Perhaps the greatest example of waste is provided by the fact that as well as being located in Brussels, the European Parliament moves to Strasbourg every month for one week and then returns. Strasbourg, the capital of Alsace, is a German speaking region of France and was chosen as the official seat of the European Parliament to symbolise the post-war reconciliation between Europe’s two great foes. Imagine the UK Parliament and its entourage travelling to Edinburgh every month to symbolise reconciliation between two age old adversaries! The perpetual movement of parliamentarians, their staff and all of their papers, represents an enormous waste of time and money. The EU budget allocates over £1 billion for this relocation over its current seven year budget cycle. That’s a lot to spend on symbolism.
It is not only a waste of time and money but there is also a substantial environmental impact, which is not without irony given the volume of environmental legislation the EU has imposed. It has been calculated that each year this relocation exercise results in the emission of 19,000 tonnes of carbon dioxide. To get an idea of what this means, I established that the average UK car registered in 2015 emits 122 g of carbon dioxide/km. According to my calculations, the annual environmental impact of this travelling circus is equivalent to that average car travelling 155.6 million km. At an average speed of 80 km/hr the journey would take 222 years….

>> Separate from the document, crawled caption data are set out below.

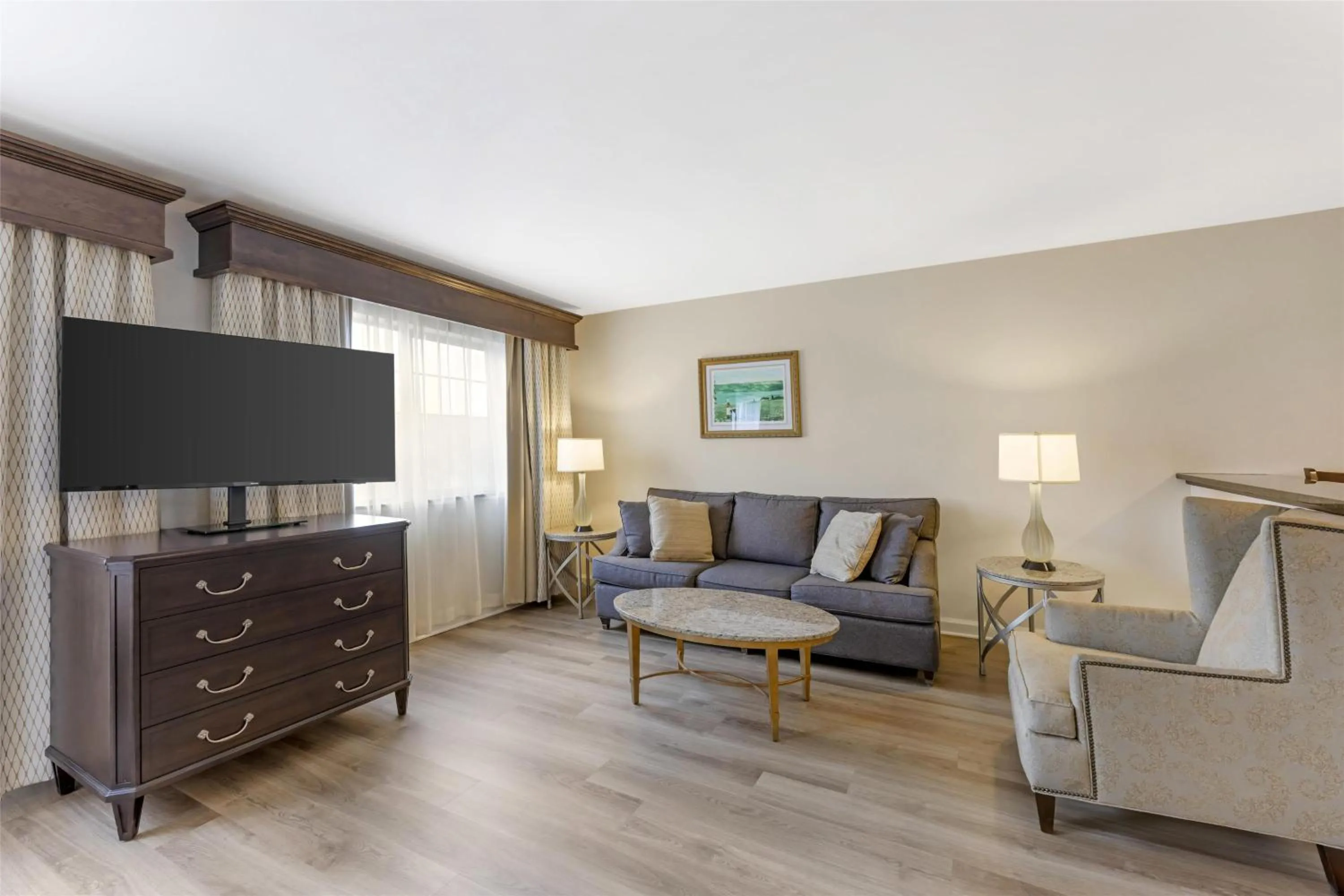 Bedroom in Best Western PLUS Vineyard Inn and Suites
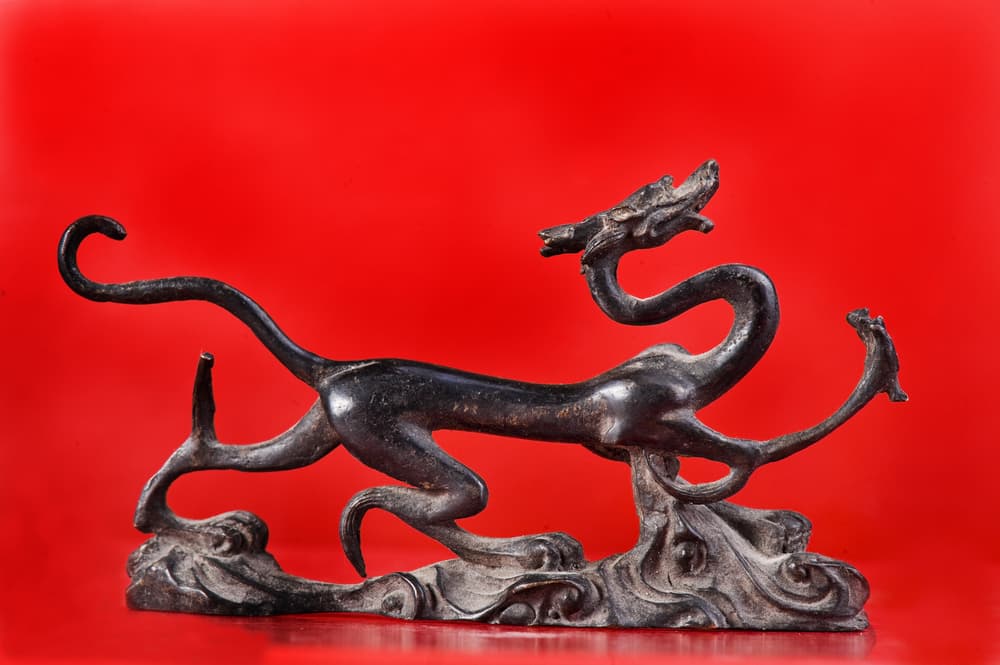Desde los inicios de su civilización, el dragón era una imagen muy adorada, sea en tótems, artefactos y también, amuletos, pues creían que venerarlos les traería no sólo protección, sino buena suerte en general, al grado que incluso gente era ofrecida en sacrificios a dragones.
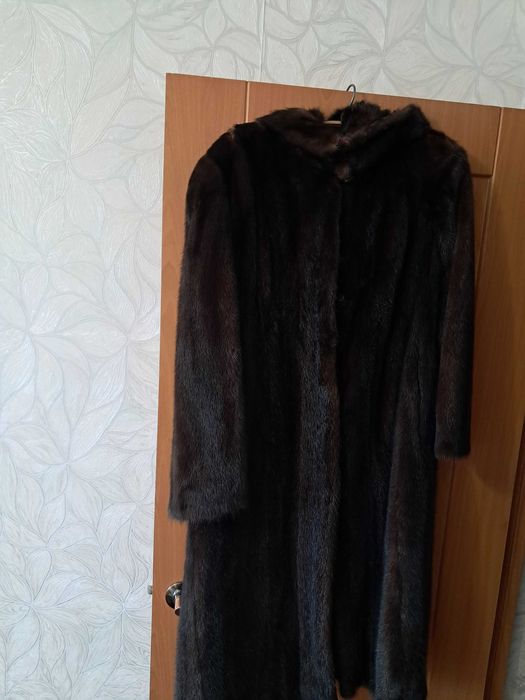 Продаетсяшуба норковая 50-52 размер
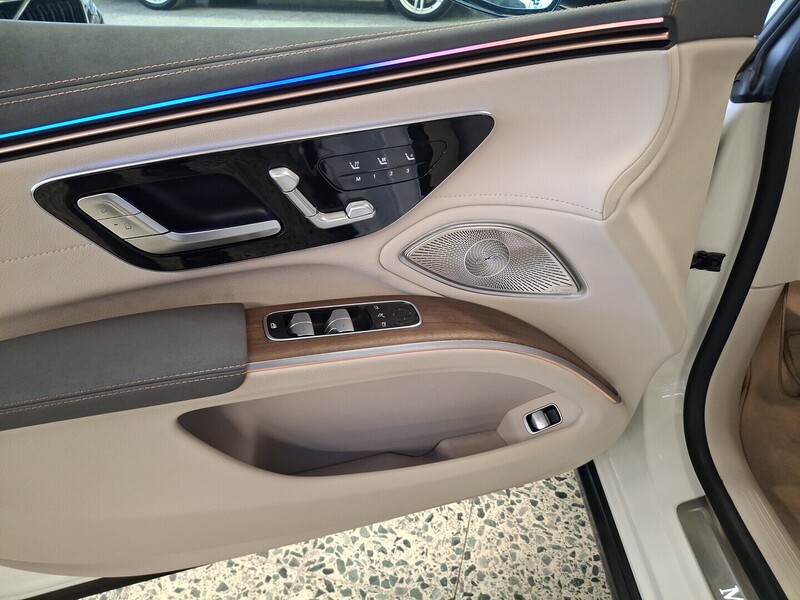 Mercedes-Benz EQS vaihtoauto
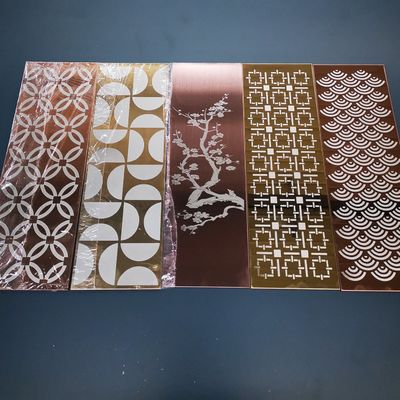 Metalllasermarkierungsmaschine für das Schnitzen von dekorativen Plaketten aus Edelstahl für Aufzüge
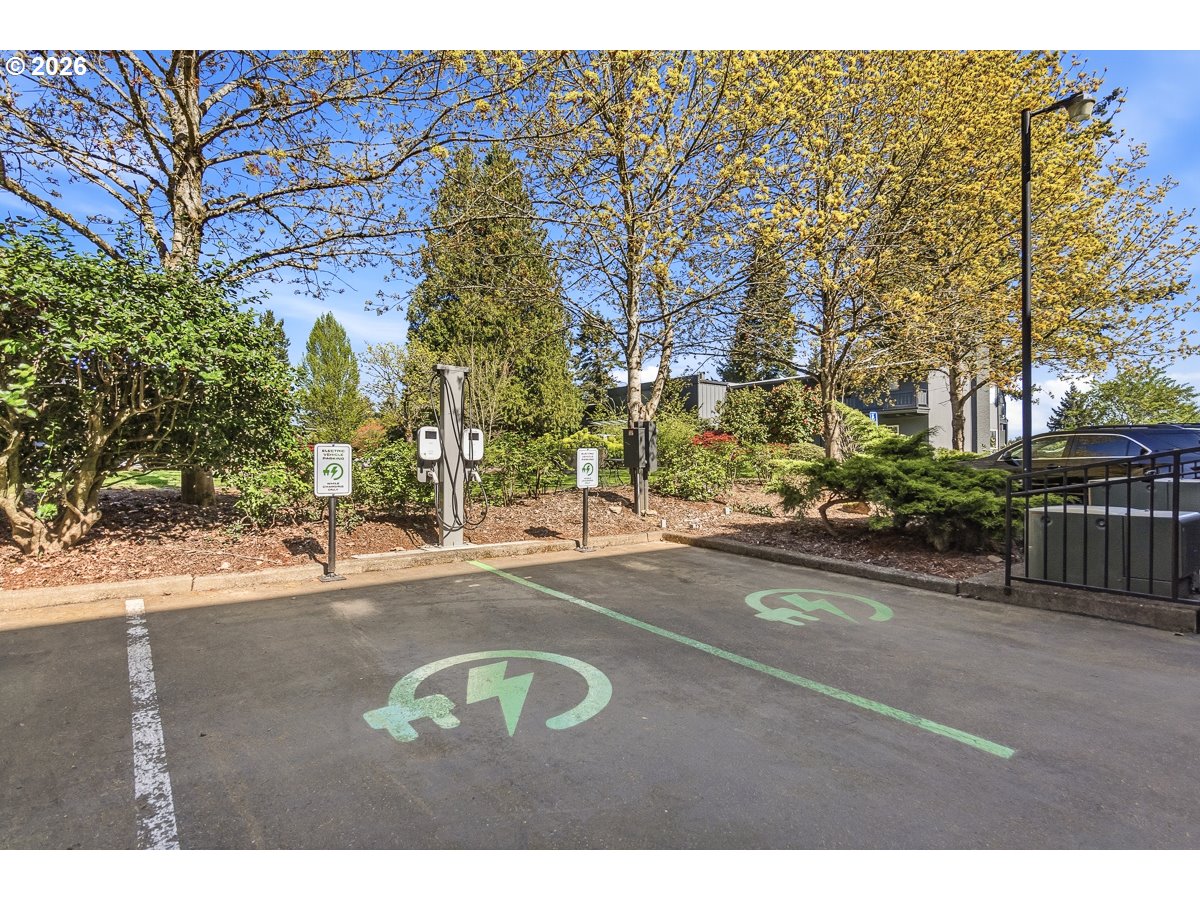 Photo #26: 476492344 Listing: Photo #26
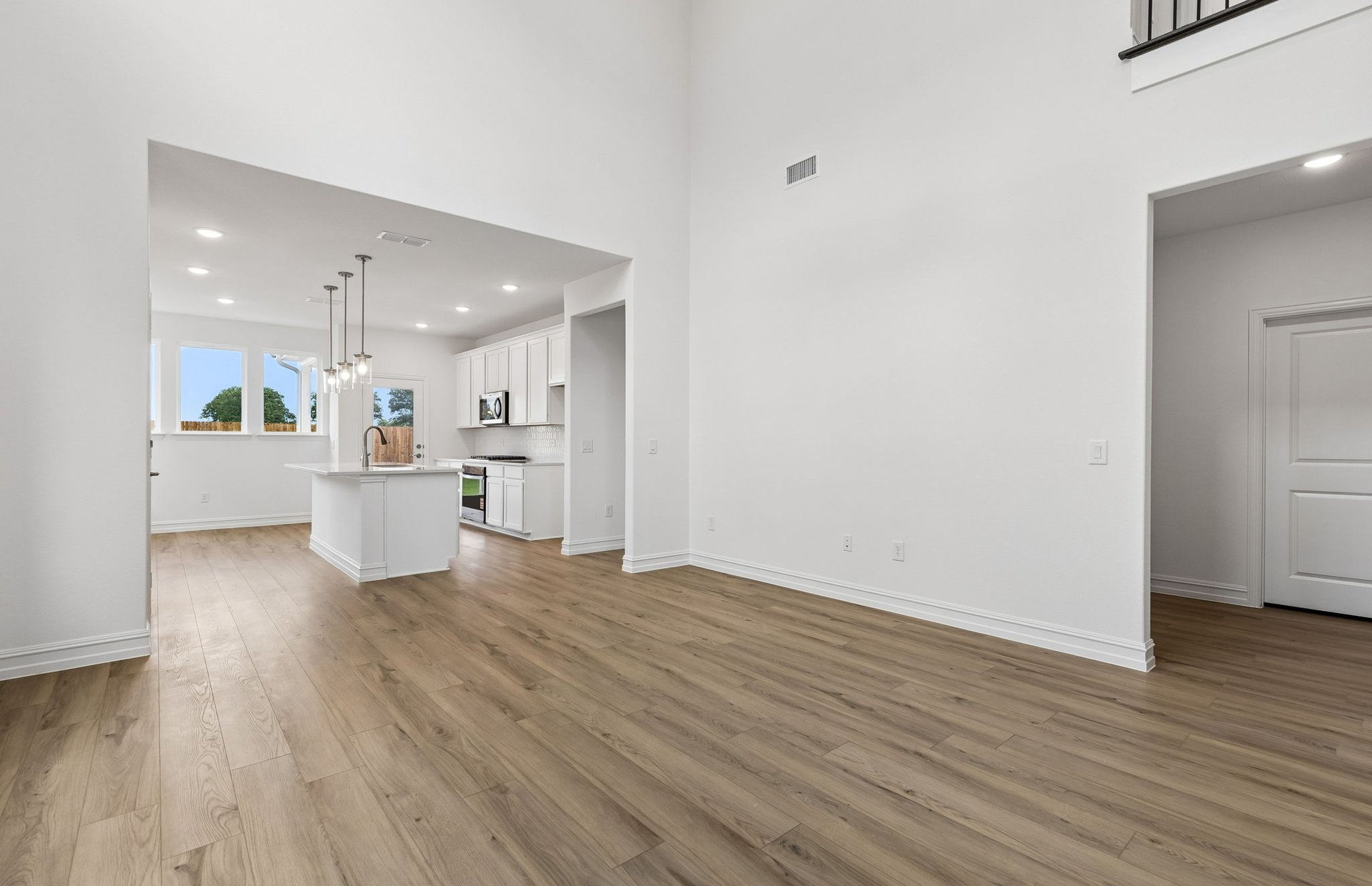Crested Butte at 1028 Hammy Lane, Aubrey, Texas: photo 2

My conclusion is that the EU does not spend its taxpayer’s money well. I also have a strong suspicion that (institutionally) it knows this all too well and is content in the belief that this waste is acceptable, provided it supports the ideal of ever closer union. It is also evident that the UK gets a raw deal in terms of EU investment, even after allowing for the rebate on its contribution. Nevertheless, I am sure there is more to discover to shorten the odds on making the right choice, so I will not be placing my bet until the final chapter.